I recorded the emission spectrum of these torches with a Lasertack SKU PD-01094 USB spectrometer, with a rated range of 200 to 1,200 nm and a rated precision of 2 nm. This spectrometer is capable of sub-nm actual resolution, but the data was reduced to 1 nm resolution by interpolation, which causes a little aliasing (waviness) in the charts. Data was collected by the ASEQ Instruments 1.7 spectrometer software and normalized and displayed in Excel.
The peak emission wavelength of LEDs, including UV LEDs, is known to increase as a function of LED die temperature (e.g., Reynolds et al., 1991: Temperature dependence of LED and its theoretical effect on pulse oximetry. British Journal of Anaesthesia 67 (5): 638-643). A temperature increase of 50°C may result in a 5-7 nm increase in wavelength of the emission peak of VIS LEDs. I have no data for UV LEDs, but considering that in power LEDs the operating junction temperature might exceed 100°C, there might be a "red shift" of about 10 nm once the equilibrium temperature is reached. The spectra shown below (normalized for intensity) were recorded within seconds of turning on the torches.
The emission spectra are shown above. I tested three specimens of the Convoy S2+, purchased from two different sellers. The Series 3 and Series 5 data overlap completely and Series 3 is therefore not visible.
The difference in peak wavelengths between MTE 301 and Convoy S2+ is only 1-2 nm, which is not significant in practical use. The U-340 window shifts the MTE 301 emission peak by 1 nm toward shorter wavelengths, which is also not practically important. A more important effect of the U-340 is that it significantly cuts the "tail" of the MTE 301 emission at longer wavelengths. No doubt it would have the same effect on the Convoy S2+. As shown above, the reduction in emitted energy introduced by the U-340 is minimal, and likely caused mostly by the uncoated surfaces of this filter.
Summary of results
The Convoy S2+ 365 nm emits significantly more UV than the MTE 301 (a difference of about one stop). The MTE 301 was replaced by the MTE 303 model, which is not part of the present test and may or may not perform better than the original MTE 301. Both the MTE 301 and MTE 303 sell/sold for a much higher price than the Convoy S2+ 365 nm. Wavelength peaks of the tested Convoy S2+ 365 nm torches are 1-2 nm longer than the tested MTE 301.

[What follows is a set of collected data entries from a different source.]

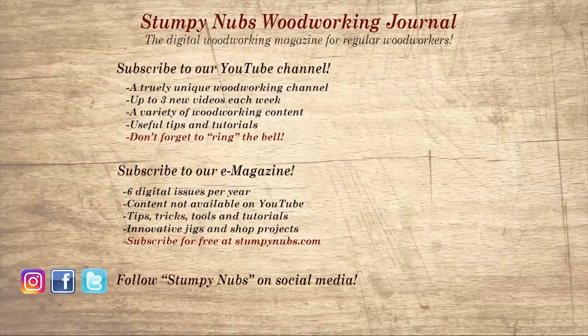Don't go yet — if you're new here, please subscribe and remember to ring the bell. I would really appreciate that. Give us a thumbs up, or better yet, leave us a comment — I always read them. And be sure to check out the latest issue of Stumpy Nub's Woodworking Journal. It's always packed with tips, tricks, and tutorials designed to make you a better woodworker. We'll see you next time!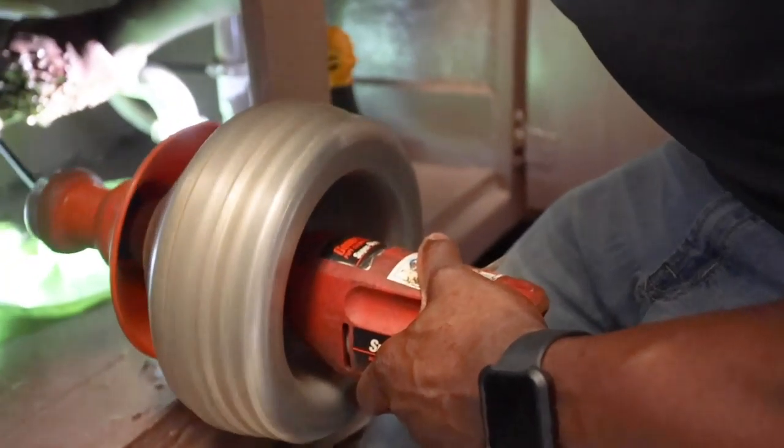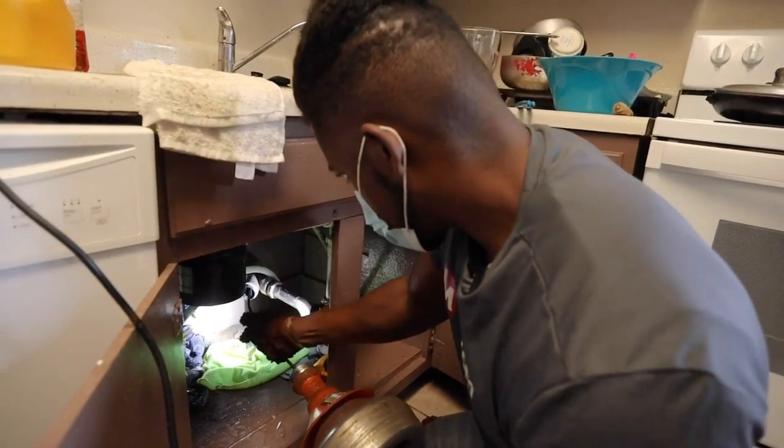We're here at Towns and we have a drain to clear. The kitchen drain that's connected to the laundry drain is clogged. We tried to cable it once through the laundry drain, but now we went through the sink.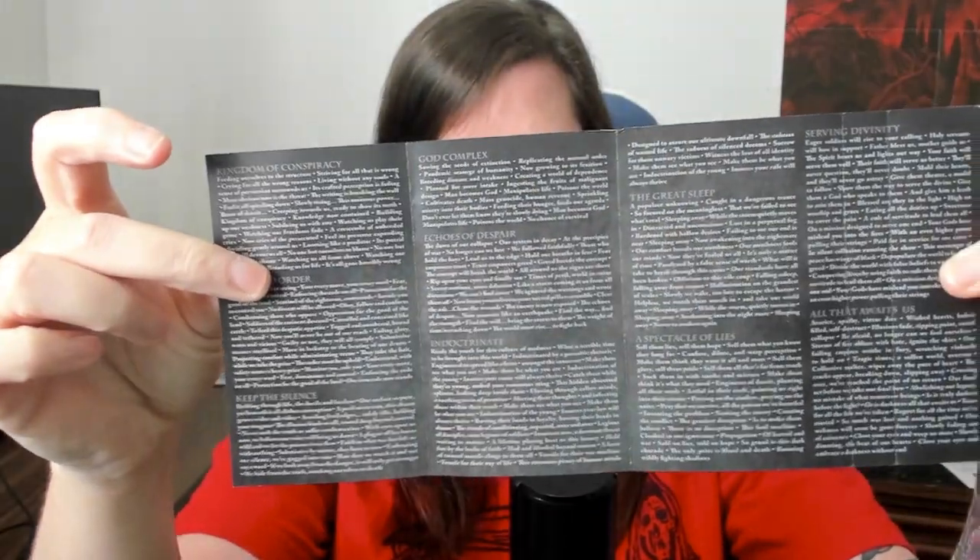Finally, the third tape is Kingdom of Conspiracy. I feel like that album artwork is pretty well known, but the one thing that bothers me is that the logo is not on it — each album art either has the logo or it doesn't, and I wish they'd kept it consistent. But whatever, it works for this album artwork. The J-card on this one is similar to the first, with liner notes and lyrics on the other side. That's the complete three-tape box set.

The Convoy S2+ 365 nm does not appear to overload its LED in terms of current, but the possibility remains that it might exceed the thermal dissipation of the LED mount and torch barrel, which in turn might impact its durability. The Convoy S2+ barrel gets warmer than the MTE 301 after 5 minutes of operation, which could result in overheating if the torch is left on for a long time, especially in a hot environment.